Thunderous and jarring, this pointless attack has shaken us to the core and left us trying to process a wide range of emotions that are likely to stay with us even after the headlines and media coverage subside.

It’s important to understand that you are not alone in these feelings of shock, grief, fear, and disillusionment. Even without a personal connection to the shootings, it’s expected and normal to feel emotionally impacted. Sadness, frustration, a sense of powerlessness, anger – anything you’re feeling right now is likely overwhelming and even a little numbing.

But You Are Not Alone. We’re All in This Together and Share the Emotional Impact

There are no words to adequately express the grief and outrage you’re likely feeling, no way to effectively convey your deep sense of loss or your struggle to understand why this has happened. It makes it more difficult to process your feelings and regain a sense of normalcy. There might also be a sense of guilt that you experience when your life returns to normal because you empathize with those whose lives were either lost or forever changed.

Despite the difficulty, I feel you should learn ways to cope when mass violence occurs.

I offer my prescriptions below, but there is one point that I’d like to emphasize before you scroll down and read them.

Don’t Let Fear Win

Typically, you go about your days feeling safe and protected. Then, unexpectedly, tragedy strikes, and that feeling of safety goes out the window.

The fear and distress that follow not only can physically affect you (trouble sleeping, loss of appetite, poor concentration, etc.), but they can also alter your perception and make the world feel far more dangerous than it is. Yes, the world can be dangerous, but it’s important to remember that there is more peace than you realize.

You don’t see most of it because violence and anarchy get more media attention and publicity.

First, think about any emotions that might be changing your perception of the world.
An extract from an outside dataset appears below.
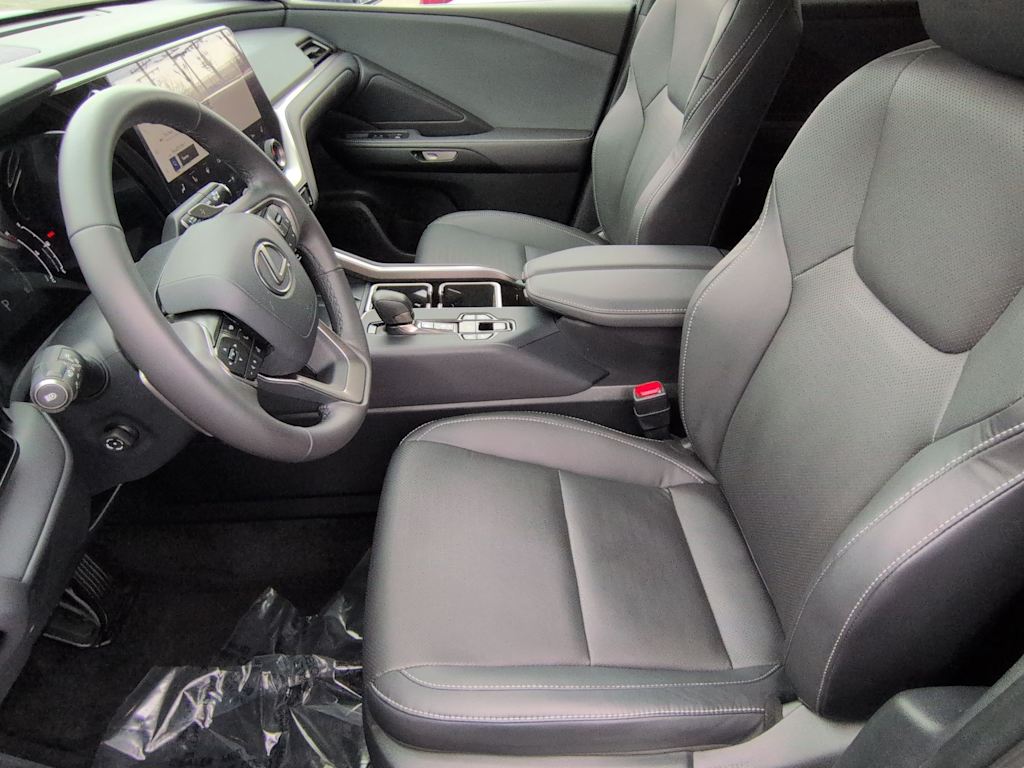 Thumbnail: 2024 Lexus TX - 11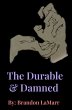 The Durable & Damned. (eBook, ePUB) - Bild 1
Then, think about what you can do to change your world’s perception.

When You Work Through Your Emotions, You Strengthen Your Resilience and Find Your Way Back to Where You Can Once Again Function and Thrive

And while the world will never be a perfectly safe and violence-free place, you absolutely can get back to living your life without the need to look over your shoulder constantly.

A great way to set this healing process in motion is by getting involved and helping those in need.
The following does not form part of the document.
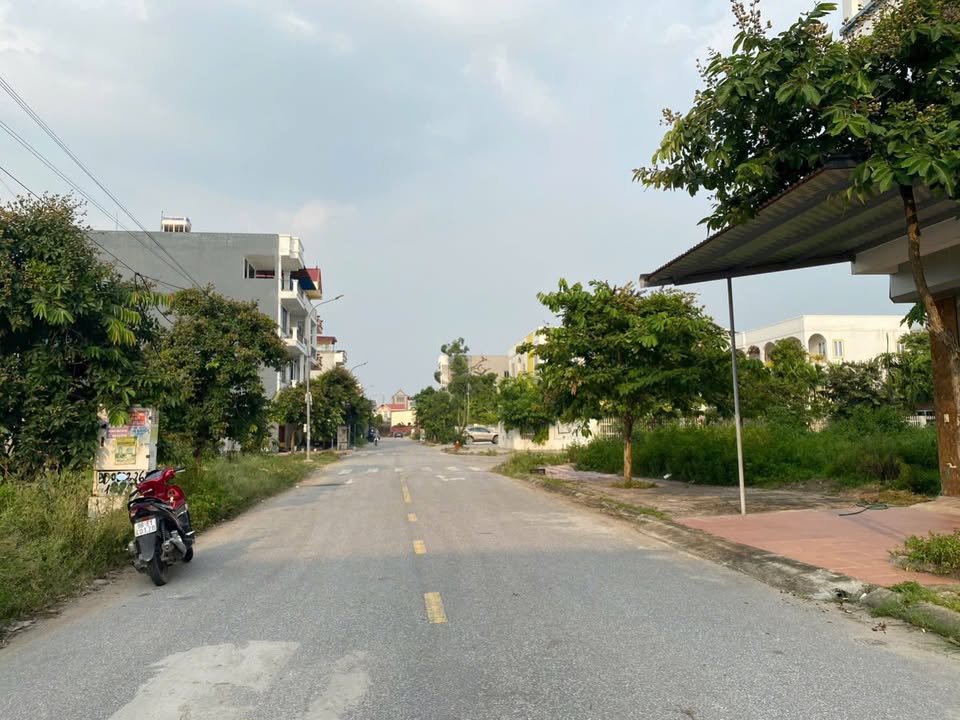 Đất nền KDT 379 Chợ Mía - Tân Mỹ - 80m² - Giá tốt, vị trí đắc địa!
Below Are a Couple of Options for Helping to Provide Immediate and Long-Term Support to Victims of the Las Vegas Shootings:

  • The MGM Resorts Foundation has set up a special fund to help support victims, families, and the organizations that support their first responders. Click here to donate.
  • Steve Sisolak, Chair of the Clark County Commission, has set up a GoFundMe page to raise money for the victims and families. It has currently raised over $10 million. Click here to donate.

If you find yourself struggling to work your way through this, please look at my prescriptions below. They can help you cope with your grief, process your other emotions and focus your efforts on helping those whose lives have been forever affected.
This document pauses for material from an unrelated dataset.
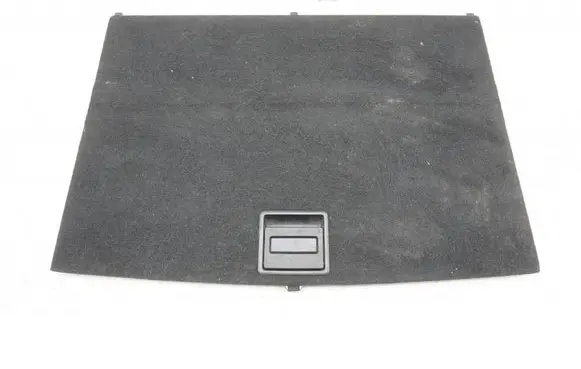 Lexus CT 200H Front floor carpet liner 5841676010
The light in me honors the light in you. Namaste.

Dr. Nandi

Partha’s Rx

  • Accept that an intense range of emotions is expected. Be patient with yourself and those around you, as they may also be experiencing stressful reactions.
  • Lean on your tribe. Talk to friends and loved ones. Your mutual emotional support will be reassuring and can help all of you get through this difficult time.
  • Focus on the good in the world and choose to reach out to help others. It will trigger positive feelings and assist those in need.
  • Don’t let fear win. Despite the inevitable tragic events, do your best to spread love and acceptance. Don’t make room for hate and fear.
  • Seek professional help if needed. When you can’t function normally, you can’t stop thinking about the bad, you can’t sleep or eat, and you have a lot of anger or rage that isn’t normal for you, talk to your doctor and get help.